[quote CharlieParley]An ESL speaker would already have learned he/him, she/her, they/them as a beginner to the language, there's not any requirement for them to learn new pronouns, just the same ones they already know. There's no reason at all it should be any harder for them than anyone else. It's not like trans people don't exist outside English speaking countries either, so I don't know why you'd assume the concept would be particularly hard for someone just because they're ESL.
This is an ill-informed statement, I'm afraid. I'm not only an ESL speaker myself, I also work with/encounter many ESL speakers. More than half of all languages do not have he or she pronouns. This includes the two languages with the most speakers in the world - Mandarin Chinese (which introduced he and she in written Mandarin a hundred years ago, but in spoken Mandarin both pronouns sound the same and so functionally are the same) and Hindi.

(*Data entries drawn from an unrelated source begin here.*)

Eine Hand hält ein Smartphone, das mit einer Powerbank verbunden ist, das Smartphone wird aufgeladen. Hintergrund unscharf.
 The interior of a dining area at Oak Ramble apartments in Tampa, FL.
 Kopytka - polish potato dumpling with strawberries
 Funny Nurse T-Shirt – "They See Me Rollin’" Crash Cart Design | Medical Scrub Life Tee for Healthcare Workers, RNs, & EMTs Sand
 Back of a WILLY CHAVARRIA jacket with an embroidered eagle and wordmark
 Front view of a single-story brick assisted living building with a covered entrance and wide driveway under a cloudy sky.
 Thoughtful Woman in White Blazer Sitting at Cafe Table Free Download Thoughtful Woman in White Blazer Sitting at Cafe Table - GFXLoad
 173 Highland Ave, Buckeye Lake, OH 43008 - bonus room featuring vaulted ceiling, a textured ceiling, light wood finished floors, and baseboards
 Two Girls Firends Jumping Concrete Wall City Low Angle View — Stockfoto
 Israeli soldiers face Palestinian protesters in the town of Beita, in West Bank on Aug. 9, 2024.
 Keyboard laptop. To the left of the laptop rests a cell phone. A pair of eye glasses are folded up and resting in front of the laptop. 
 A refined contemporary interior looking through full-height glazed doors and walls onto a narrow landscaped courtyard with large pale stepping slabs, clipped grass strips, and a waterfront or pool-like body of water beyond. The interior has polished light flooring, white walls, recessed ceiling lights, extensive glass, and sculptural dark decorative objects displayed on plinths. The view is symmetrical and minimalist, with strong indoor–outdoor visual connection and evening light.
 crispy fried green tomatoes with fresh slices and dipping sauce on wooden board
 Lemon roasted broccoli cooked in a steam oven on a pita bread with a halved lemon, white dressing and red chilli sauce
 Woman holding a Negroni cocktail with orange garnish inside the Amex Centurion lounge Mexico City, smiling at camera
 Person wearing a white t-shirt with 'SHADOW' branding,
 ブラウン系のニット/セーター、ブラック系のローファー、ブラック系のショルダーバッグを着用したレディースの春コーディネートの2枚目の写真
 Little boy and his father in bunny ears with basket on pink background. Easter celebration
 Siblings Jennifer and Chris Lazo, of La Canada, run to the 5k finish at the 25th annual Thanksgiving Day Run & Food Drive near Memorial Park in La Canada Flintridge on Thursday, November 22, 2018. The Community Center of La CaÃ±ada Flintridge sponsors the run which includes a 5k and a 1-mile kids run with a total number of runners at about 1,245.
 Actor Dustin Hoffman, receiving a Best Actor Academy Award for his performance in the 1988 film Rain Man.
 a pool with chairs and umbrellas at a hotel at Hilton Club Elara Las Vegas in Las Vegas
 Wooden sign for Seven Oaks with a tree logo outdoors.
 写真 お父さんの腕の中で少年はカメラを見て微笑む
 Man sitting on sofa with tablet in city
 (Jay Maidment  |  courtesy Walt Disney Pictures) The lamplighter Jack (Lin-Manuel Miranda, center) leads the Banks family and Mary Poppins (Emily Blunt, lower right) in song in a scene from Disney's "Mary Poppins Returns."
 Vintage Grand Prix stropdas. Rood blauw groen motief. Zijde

Very many other languages spoken in Asia also do not know gendered third person pronouns. As do various Indo-European, African, Oceanien and American ones.
ESL speakers from those countries frequently confuse he and she. L1 interference in such a fundamental of language is hard to overcome even for ESL speakers with considerable language skills.
My native language is gendered for animate and inanimate objects. I speak and write English at a native level and work as a writer and editor in both English and my native language. And yet, gender is such a fundamental feature of my mother tongue, I still find it strange that a table or a flower or an apple is neutral in English. And in spoken communication I still occasionally use gendered pronouns for inanimate objects in line with my mother tongue.
That's because language transfer in regard to such fundamentals requires constant and considerable and conscious effort to overcome. And sometimes we're too tired or stressed or hurried or emotional to do it.
And in my view, the requirement to mis-sex contrary to the learned rule that he refers to a person of the male sex and she to a person of the female sex makes the whole problem worse. This adds considerably to the stress of a non-native speaker.
You demand consideration for those who do wish to dictate pronouns to others, because it matters so much to them their mental health requires compliance. That's fair enough - as I tell my kids, you can ask for anything you want.
You just can't have everything.
In turn, I'll repeat what others have asked of you before - consideration for those of us who struggle with that requirement (for instance those who are ESL speakers or neuro-diverse) and experience adverse mental health effects because of it.
P.S. and FYI I have attached a map showing a distribution of languages without gender (the white dots). It's from here: wals.info/feature/44A#0/-44/130[/quote]
Really interesting and informative post, thanks.
The blatant anglophone/Western culture bias of gender ideology is ok Because Trans presumably?